To improve is to change; to be perfect is to change often.
Every once in a while I wonder if my programming tools, languages and platforms need to be changed. Maybe, just maybe, the software mix I use every day needs to be shaken up.
And then my mind starts spinning in circles.
As we all do, I find myself using the same languages and tools over and over again. The same programmer’s editor. The same color scheme and fonts. The same language for scripting. The same platform for web services. The same database. The same server applications.
I use them because they work. Actually, I really use them because I know them so well. They are proven, robust, easy for me to use, easy for me to deploy and easy for me to support.

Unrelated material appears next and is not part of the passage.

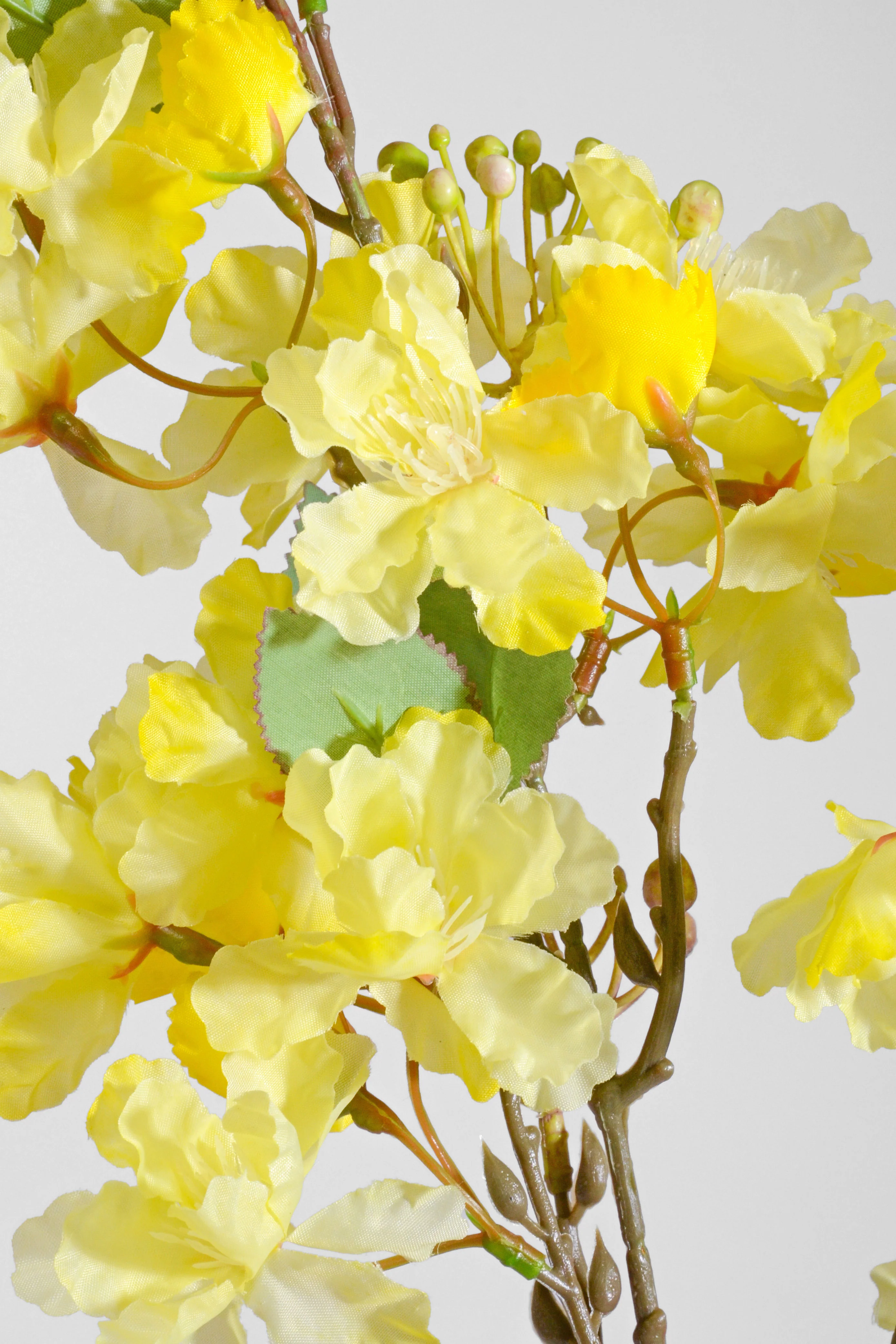 35" Silk Cherry Blossom Spray Yellow - Image 2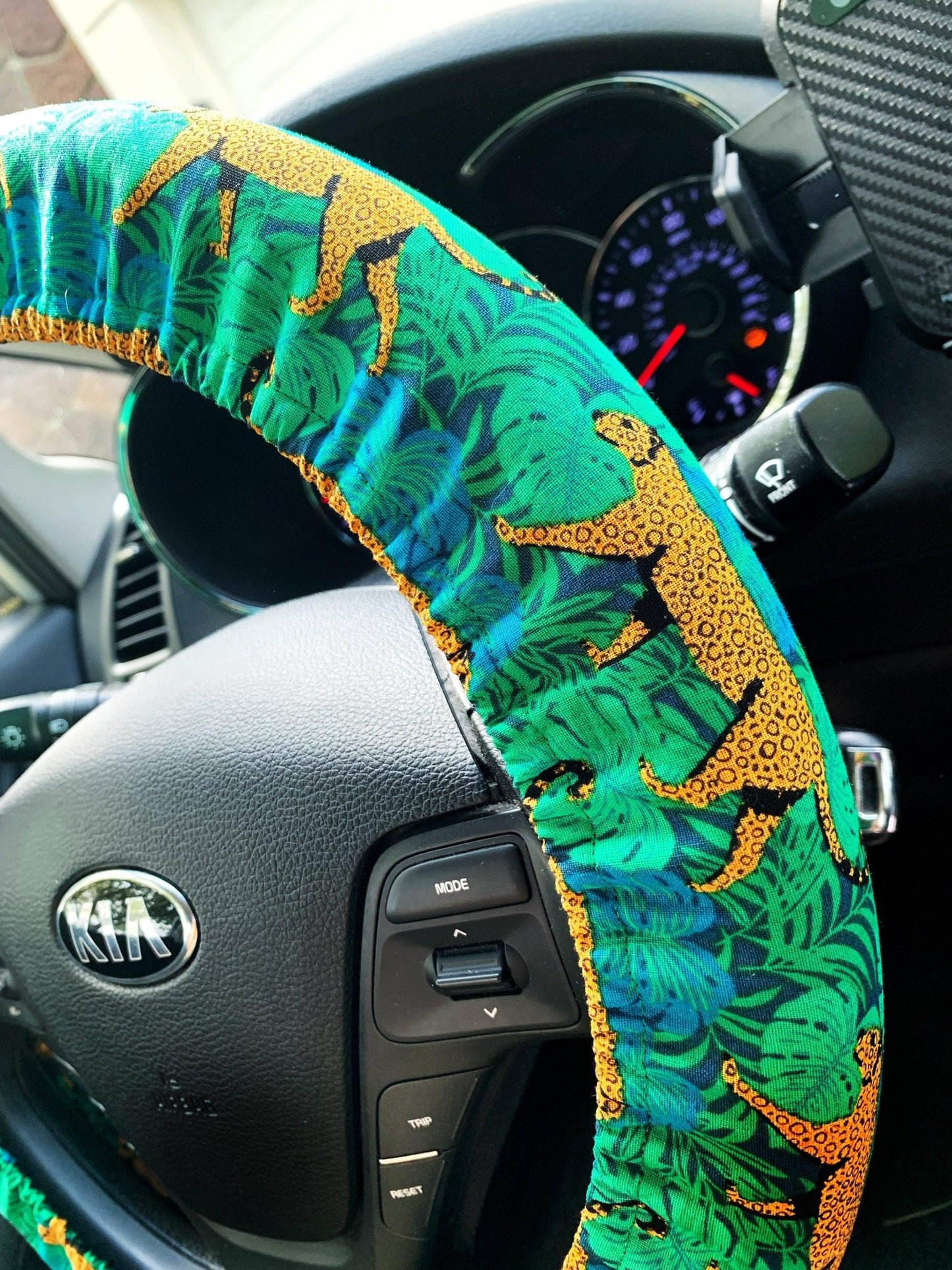 Tropical Leopard Steering Wheel Cover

I have gone though the learning curves, fought with the quirks, dealt with the problems and emerged a master of these tools.
But I sometimes do wonder: Is it time for a change? Maybe I do need to learn and master a new editor, new scheme, new language, new web platform, new database, new server, new everything.
The only way that we can live, is if we grow. The only way that we can grow is if we change. The only way that we can change is if we learn.
But the question then is which new things to learn and tackle? My programmer’s editor is still modern, fast and reliable. My scripting language is still popular and works great. The web platform I use is robust and has just been updated to a whole new version. And I switched to the database I use these days only three years ago.
So maybe I don’t need to change. The languages and tools I use these days are still at or near the top of their game. A glance at the competitive space for each area shows a few promising new technologies, a few stable similarly aged technologies and a bunch of older ones, but none stand out as “the next big thing” yet.
But I don’t want to miss or be late for “next big thing” wave. And I fortunately do have the time to learn new stuff. But what to learn? What to change?
And what to change to?
Change Simply for the Sake of Change Is an Abdication of Leadership.
Is change for the sake of changing good or no good? John Luke Jr believes it is not good, a sign of bad leadership. Freek Vermeulen, Phanish Puranam, and Ranjay Gulati in the Harvard Business Review’s Change for Change’s Sake disagree, they view it as a good thing, a sign of good leadership. Both great sources of advice, and yet completely contradictory. Not helping!
Maybe, thinking more on it, I need a real arguable reason to change? A stand-out “this is amazing and much better than what I use” reason to change?
Looking back, it was arguable need that caused me to switch from stagnating Perl to growing Ruby years ago. From Apache to Nginx to get more workers and throughput on the same hardware. From ASP.Net to Ruby on Rails for platform independence and development speed. From MySQL to PostgreSQL for better write performance and large data management.
But what if I change and land up with the “wrong” platform? Marco Arment wrote about his trusty PHP when looking to make his own change:
The fear of making the “wrong” choice actually makes the familiar, mastered PHP more attractive.
Or, maybe it’s not tools, just a timing issue? Is it time for the next change? Even though there seems to be no reason to do so just yet. Do I need to shake things up a bit right now?
I honestly don’t know.
In this specific case, maybe T. Bert Lance is right (even though I do not believe this maxim):
If it ain't broke, don't fix it.
And so the thinking, spinning and search continues.
Until I find the “right” new things for me, I’ll stick with what I have. But I’ll keep looking, keep checking things out.
My next project will be a trusty Rails project on a trusty Linux platform using my trusty Nginx setup against trusty PostgreSQL. And my next script will still be in trusty Ruby. And I’ll still program it all using trusty TextMate 2 with my familiar CombinedCasts theme.